Ulrich Wandschneider: Ja, jeder hätte sich gewünscht, dass die Zulassung – natürlich bei Einhaltung sämtlicher Verfahren – schneller geht. Die kürzlich auf Ende des Jahres gesetzte Terminierung der europäischen Arzneimittelagentur EMA ist ja nun vorgezogen worden. Nachdem in den USA, Großbritannien, Israel und anderen Ländern bereits geimpft wird, wäre eine weitere Verzögerung über die Feiertage schwer nachvollziehbar gewesen. Nachdem bei Biontech das ganze Jahr Tag und Nacht an der Lösung gearbeitet worden war, konnte man den Eindruck gewinnen, dass es bei der EMA nicht denselben Schwung gibt.
Derzeit besorgen Nachrichten von einer Mutation des Virus in Großbritannien. Müssen wir uns Sorgen um die Wirkung machen?
Sean Marett: Diese Mutation in Südengland ist neu – das werden wir wissenschaftlich testen. Derzeit sind wir dabei, die Wirksamkeit unseres Impfstoffes für diese Mutation zu überprüfen. Ich bin aber zuversichtlich. Wie haben unseren Impfstoff zuvor an 19 Mutationen von Sars-CoV-2 getestet, und gegen alle Stämme war unser Impfstoff wirksam.
Wie viele Dosen Impfstoff bekommen wir denn im ersten Quartal in Deutschland?
Marett: Das ist eine Frage an die Politiker, wir können uns nicht über Vertragsdetails äußern. Wir versuchen, so viele Dosen wie möglich herzustellen. Wir bringen weltweit eine neue Technologie auf den Markt, um Menschen in zig Ländern zu schützen. Und alle wollen ihre bestellten Impfstoffe am liebsten am 2. Januar 2021 haben. Aber das ist leider unrealistisch.
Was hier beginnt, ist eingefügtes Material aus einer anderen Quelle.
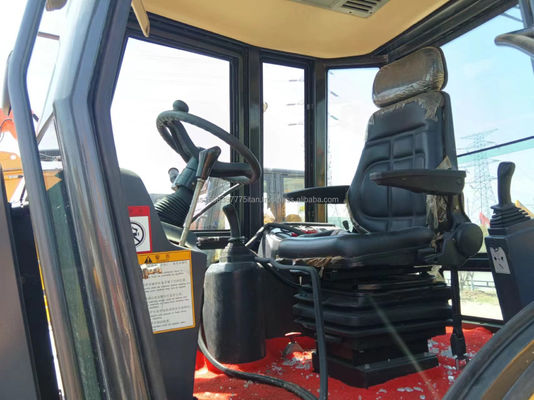Cargador JCB 3CX usado en buenas condiciones con carga nominal de 6 toneladas y año 2016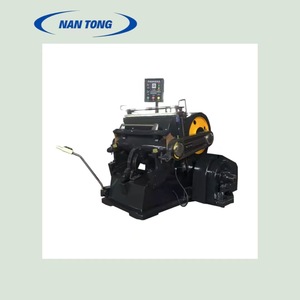 Máquina troqueladora y plegadora automática de alta resistencia Nantou M1500 380V 7500W para indentación - Product Image 2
Wird denn ausreichend Impfstoff in Deutschland und Europa produziert?
Marett: Wir haben Fabriken und Lieferanten hier in Deutschland, unser Partner Pfizer hat eine Fabrik in Belgien. Wir haben also eine europäische Lieferkette aufgebaut. Zudem haben wir im August eine ehemalige Novartis-Fabrik in Marburg gekauft, um noch mehr Impfdosen zu produzieren. Wir arbeiten zusammen mit den Behörden, um diese Fabrik so schnell wie möglich zu genehmigen – der Plan ist, dass sie im ersten Quartal mit der Produktion des Impfstoffes beginnen kann. Es gibt dabei zwei Schritte: Zuerst muss die deutsche Behörde grünes Licht geben, dass wir den Impfstoff in der richtigen Qualität produzieren, dann müssen wir die Unterlagen bei der EMA einreichen, da es eine europäische Zulassung ist. Dann können wir Europa und andere Länder von dort aus versorgen. Wenn die Impfstoffherstellung in Marburg maximal ausgelastet läuft, lassen sich dort 750 Millionen Dosen im Jahr produzieren. Zu Beginn werden es aber weniger Dosen sein.
Wo fürchten Sie einen Engpass? Ist es das Vakzin oder eher das Personal, die Spritzen, die Logistik?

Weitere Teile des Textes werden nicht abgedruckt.